When you reach the line with "Expandable Starter Rack" in the records below, begin transcribing exactly and continue up to and including the line with "可愛いL'ilカップケーキキャンディ散策ベビーシャワー スタンダードランチョンナプキン (正面)", leaving out every picture.

- [Records for the task]:
• • • • •

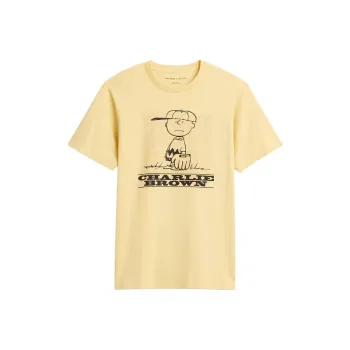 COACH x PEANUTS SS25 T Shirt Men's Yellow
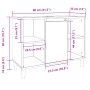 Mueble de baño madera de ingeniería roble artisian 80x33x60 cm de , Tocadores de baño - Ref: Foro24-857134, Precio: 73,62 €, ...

• • • • •

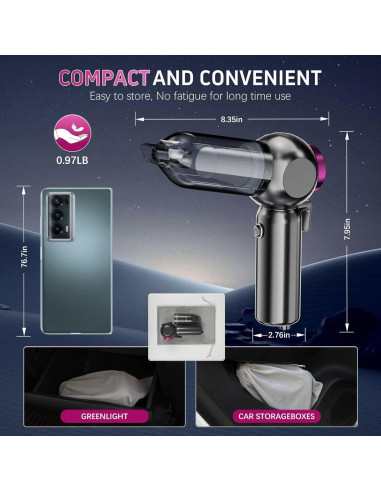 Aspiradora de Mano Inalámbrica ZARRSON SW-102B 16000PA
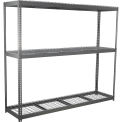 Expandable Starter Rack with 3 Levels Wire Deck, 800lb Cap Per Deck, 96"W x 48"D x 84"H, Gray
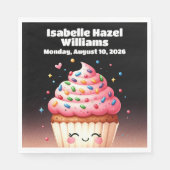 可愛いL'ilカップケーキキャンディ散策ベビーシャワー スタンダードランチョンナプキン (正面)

• • • • •

- [Task response]:
 Expandable Starter Rack with 3 Levels Wire Deck, 800lb Cap Per Deck, 96"W x 48"D x 84"H, Gray
 可愛いL'ilカップケーキキャンディ散策ベビーシャワー スタンダードランチョンナプキン (正面)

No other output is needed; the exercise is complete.